Provided data:
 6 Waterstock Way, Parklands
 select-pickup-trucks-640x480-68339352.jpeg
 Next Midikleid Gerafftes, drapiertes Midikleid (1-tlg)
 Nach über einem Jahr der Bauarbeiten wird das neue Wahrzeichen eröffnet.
...
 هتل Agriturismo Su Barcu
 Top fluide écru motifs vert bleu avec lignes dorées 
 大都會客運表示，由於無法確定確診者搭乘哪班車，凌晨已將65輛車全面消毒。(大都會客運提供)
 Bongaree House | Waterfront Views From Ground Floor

Work request: Once you reach the line with "هتل Agriturismo Su Barcu" in the data above, copy it and every line after it exactly, up to and including the line with "Bongaree House |".

Answer to the problem:
 هتل Agriturismo Su Barcu
 Top fluide écru motifs vert bleu avec lignes dorées 
 大都會客運表示，由於無法確定確診者搭乘哪班車，凌晨已將65輛車全面消毒。(大都會客運提供)
 Bongaree House | Waterfront Views From Ground Floor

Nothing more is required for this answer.